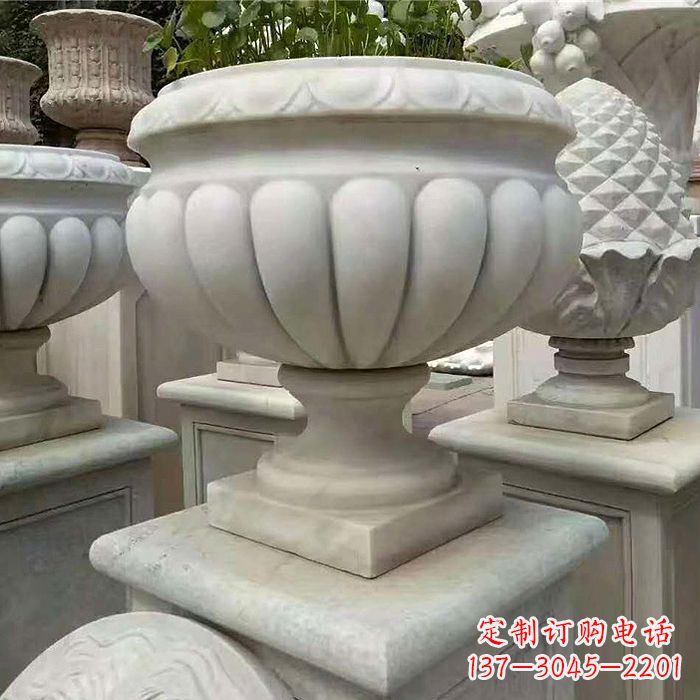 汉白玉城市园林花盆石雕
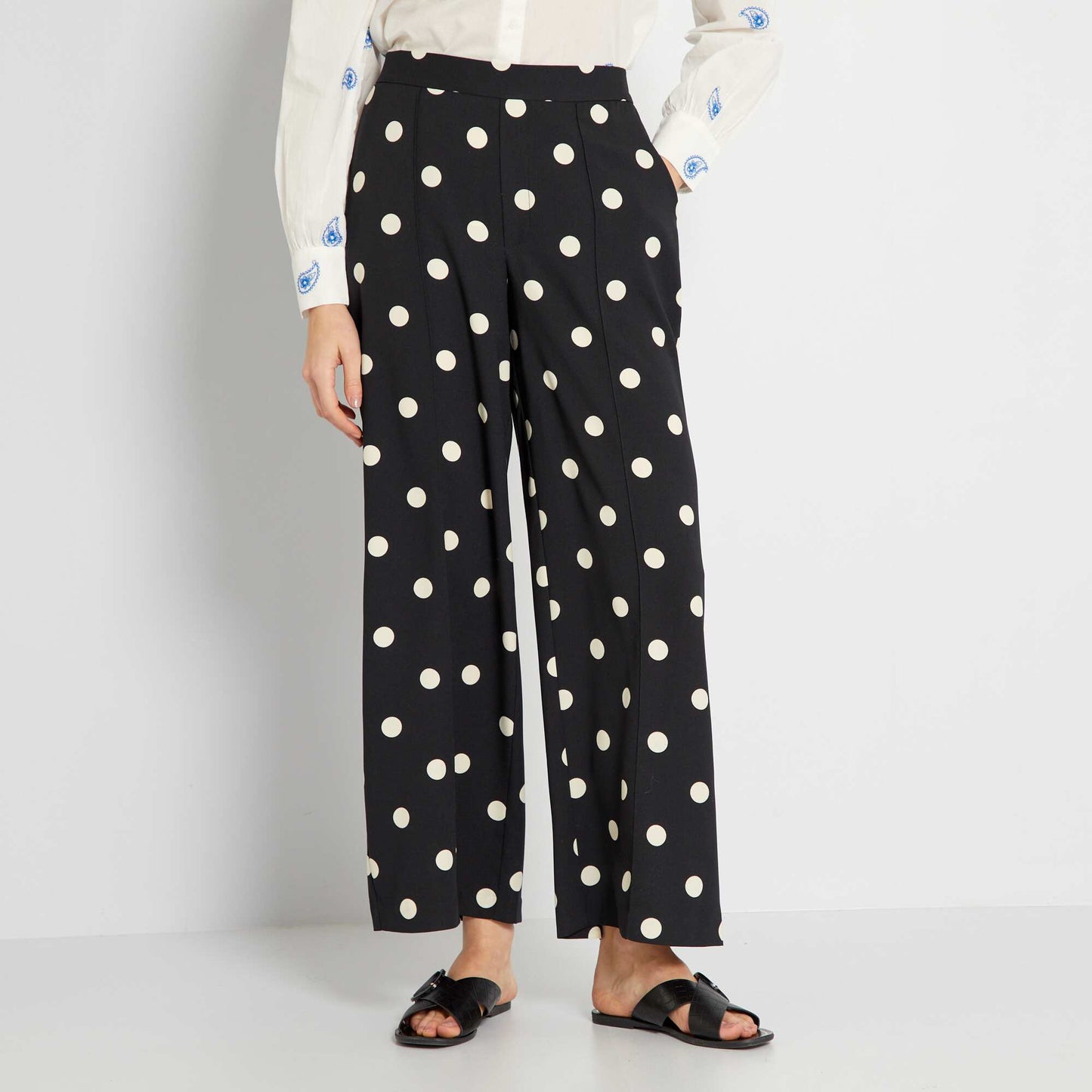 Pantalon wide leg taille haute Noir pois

---

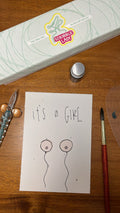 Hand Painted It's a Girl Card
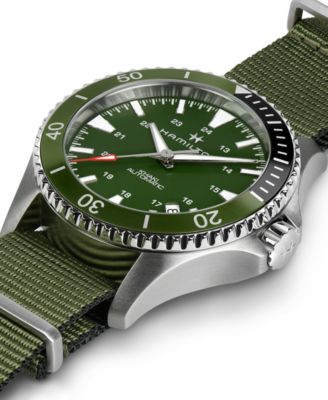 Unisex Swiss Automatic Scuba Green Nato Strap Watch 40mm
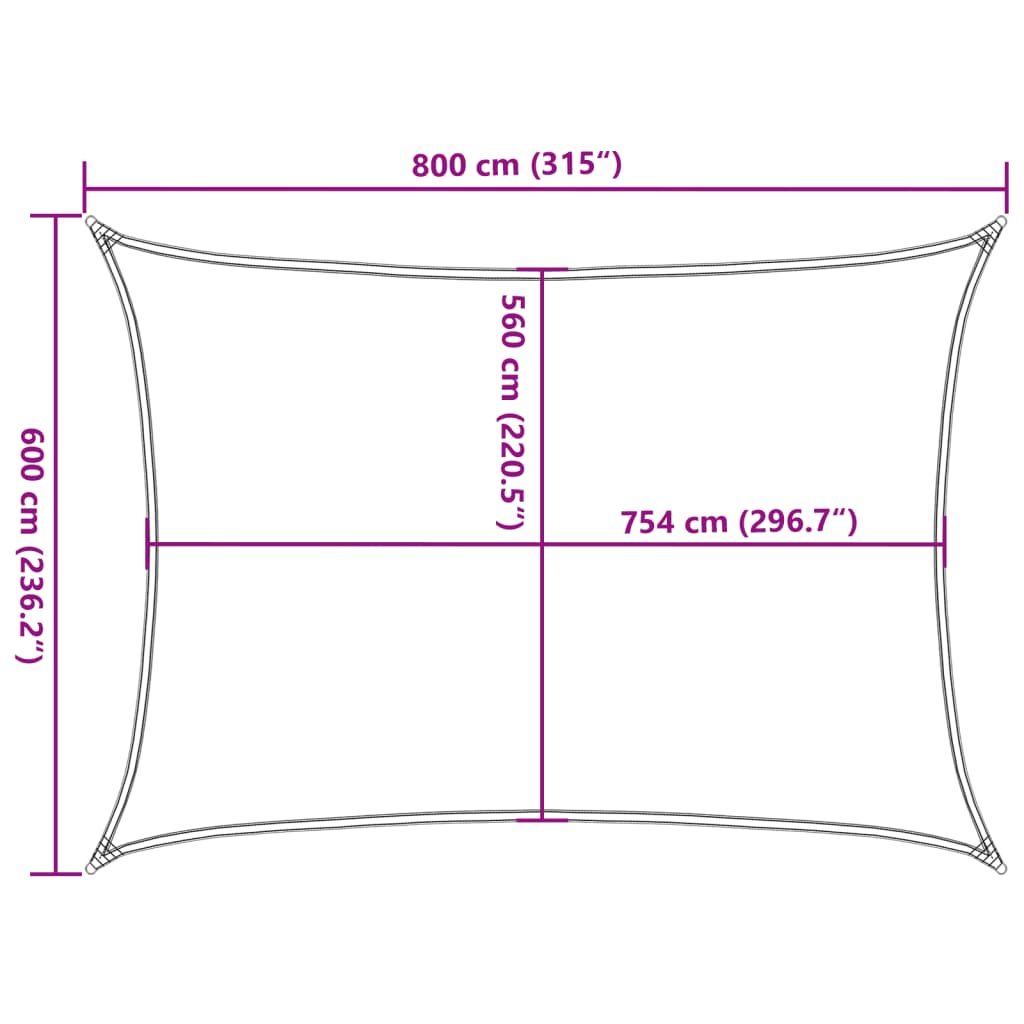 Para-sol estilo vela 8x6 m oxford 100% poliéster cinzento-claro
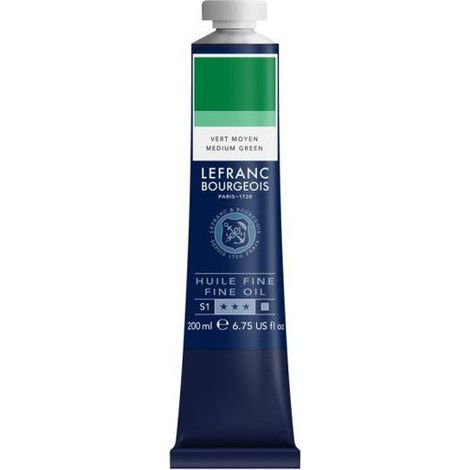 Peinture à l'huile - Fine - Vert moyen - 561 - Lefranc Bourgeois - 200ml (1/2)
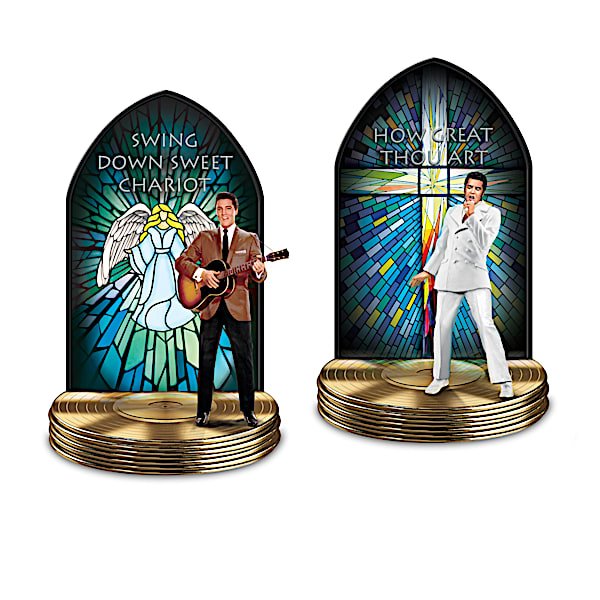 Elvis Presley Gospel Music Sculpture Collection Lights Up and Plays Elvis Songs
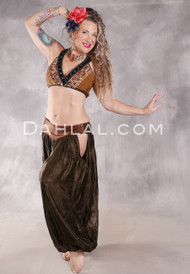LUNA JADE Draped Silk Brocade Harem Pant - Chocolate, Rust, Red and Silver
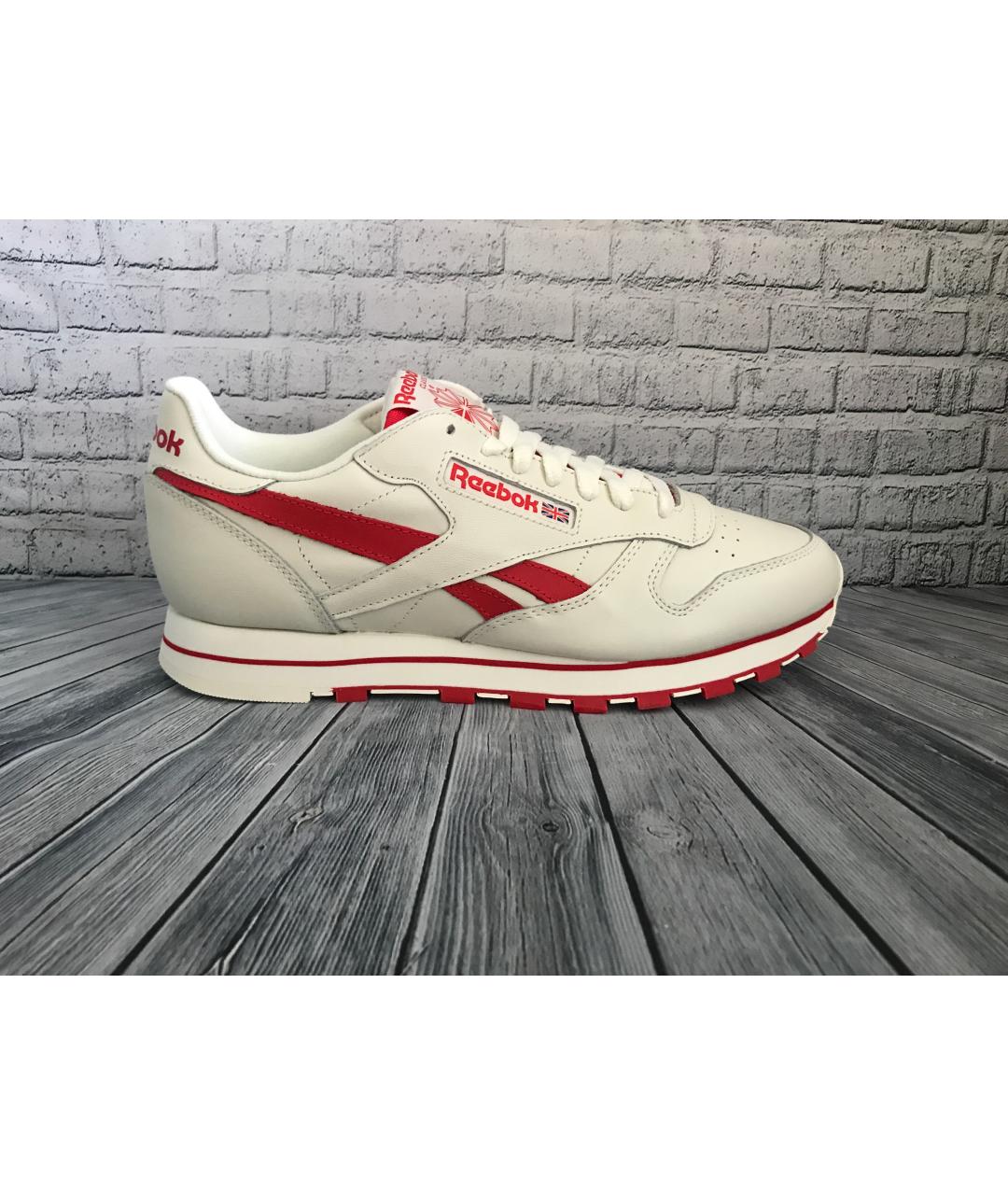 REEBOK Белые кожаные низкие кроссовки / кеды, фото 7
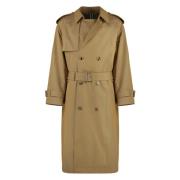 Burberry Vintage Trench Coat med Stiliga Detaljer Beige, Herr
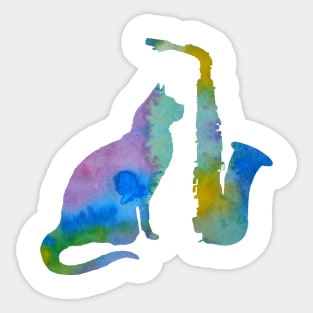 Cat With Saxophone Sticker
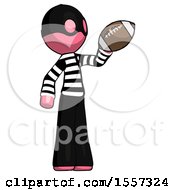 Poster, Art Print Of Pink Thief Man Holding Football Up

> _ABOUT THIS TASK_: Leaving out all pictures, set down exactly the lines of the material above, from the line with "汉白玉城市园林花盆石雕" to the line with "Pantalon wide leg taille haute Noir pois" inclusive, and no others.

> _EXERCISE RESPONSE_:
 汉白玉城市园林花盆石雕
 Pantalon wide leg taille haute Noir pois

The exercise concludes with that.